The hawser reels presented a much greater challenge; I needed to make drums with a 0.3mm hole for the center wire to align all parts. However, I haven’t been successful drilling in these small holes in brass. I started with a center drill of 0.5mm, giving only a gently tap to the end of the rod, but the small drill often wandered anyway. Even when the hole was centered perfectly the drill breaks, even when I drill very carefully using cutting oil and cleaning the drill every few tenths of a millimeter. Anyway, I gave up and ordered some stock tubing from Albion Alloys with a 0.3/0.5 inner/outer diameter. Drilling in a 0.5mm hole is very much easier and the tubes are very easy to cut to length
Making small brass tubes is now fairly easy for me. Setting the late at its highest rpm (only 3,000) I start with cutting the end of the stock brass (1) and cutting the rod to the correct diameter in very small steps (2). I bought some stock rod from Albion at the right diameter but I lost it… Next I position the 0.5mm hole with the center drill but I do not drill the hole yet (3). I change the cutting tool for the parting tool (the quick change tool holder is the best upgrade for the lathe). I position the parting tool, release the rod,push the rod back with the parting tool and fix the rod again in the chuck. This is my primitive way to reposition the parting tool at zero (4) and make a small groove with the parting tool (5). Then I apply the square flat file; I put the lathe in reverse so that the file isn’t catapulted into my eye when I accidentally hit the chuck with the end. I think this is much safer (6). I continue slowly with the parting tool (7) and capture the small tube on the end of the drill (or center drill). I usually make a batch of them before reinserting them in the chuck (9), apply some cutting oil and drill them through.

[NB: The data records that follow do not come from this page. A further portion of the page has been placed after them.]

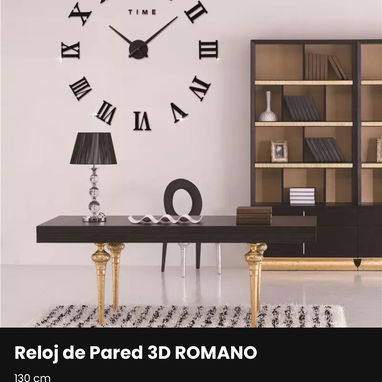 Relojes de pared - Img 97326072
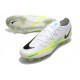Nike Phantom GT2 Elite FG Grey Blackened Blue
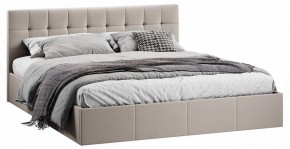 Кровать двуспальная Эмма в Талице - talica.ok-mebel.com | фото
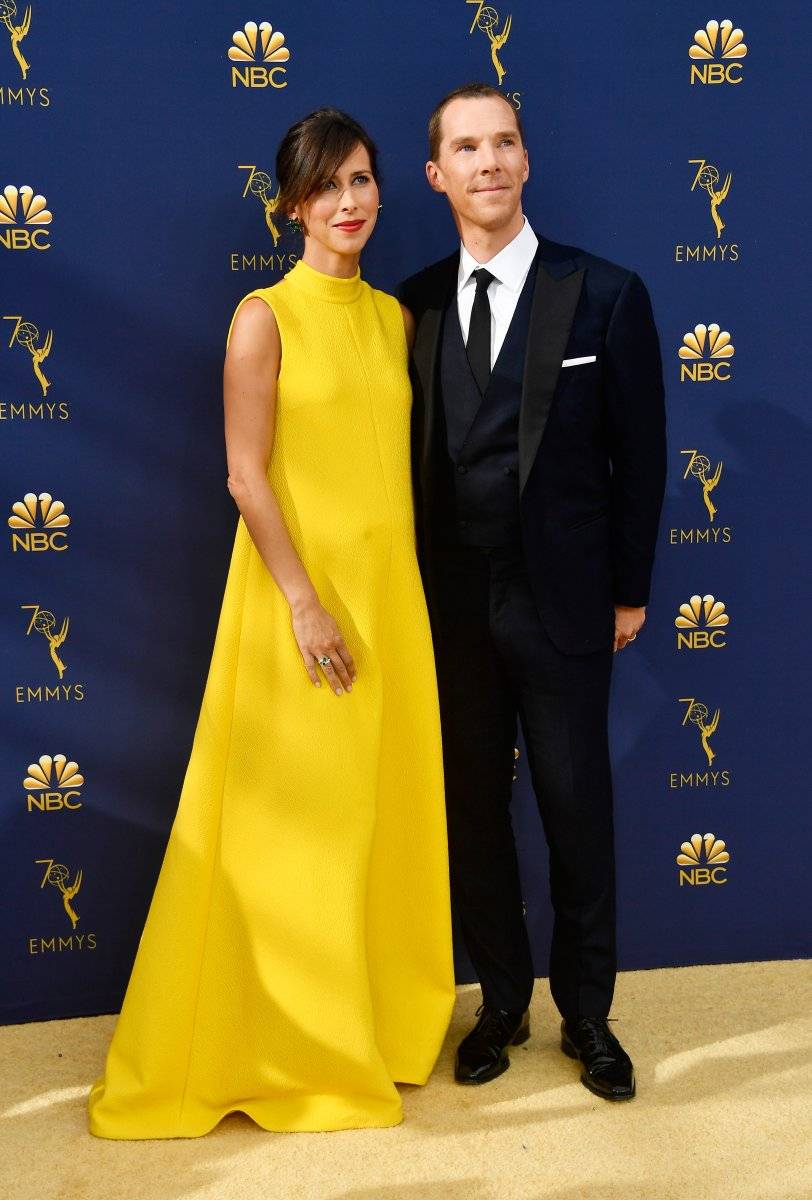 mejor vestidas emmy 2018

The top four images show the small drums added to the 0.5mm tube. The tube is much to long but when the to tubes are soldered to each, I insert the part in my hand-held drill and cut the tube by hand. A small 0.3mm wire is then put through the tube. The etched parts at the side are actually three parts, so that I could capture a bit more detail. The first parts fit into each other and need to aligning, but the last part is held in placed by an old broken-off 0.3mm drill.
Like the cordage reel,. the hawsers are fixed to the bade plate and the parts are all soldered into place. This is a tricky part because all the parts get desoldered; I apply pressure with fine-tipped tweezers while the solder solidifies. The part is checked to see if everything still aligns nicely and of all the feel touch the deck properly; if not, the part is heated and realigned. The 0.3mm is then trimmed and filed smooth.
The small model is clamped into the caliper and a 0.15mm brass wire is soldered into place, cut to size and filed. If the rod breaks off during filing, then the bond wasn’t any good. Although the flux is sold as no-clean flux, I threw the parts int he ultrasonic cleaner anyway. This cleaned up the parts and improved the bond between the final two parts superglued to base of the small models.
Not the best picture, bit it givens a nice impression of the range of reels to be fitted to the model. Why doesn’t the reel at the center doesn’t have those two wires? Must be a failure I didn’t throw out.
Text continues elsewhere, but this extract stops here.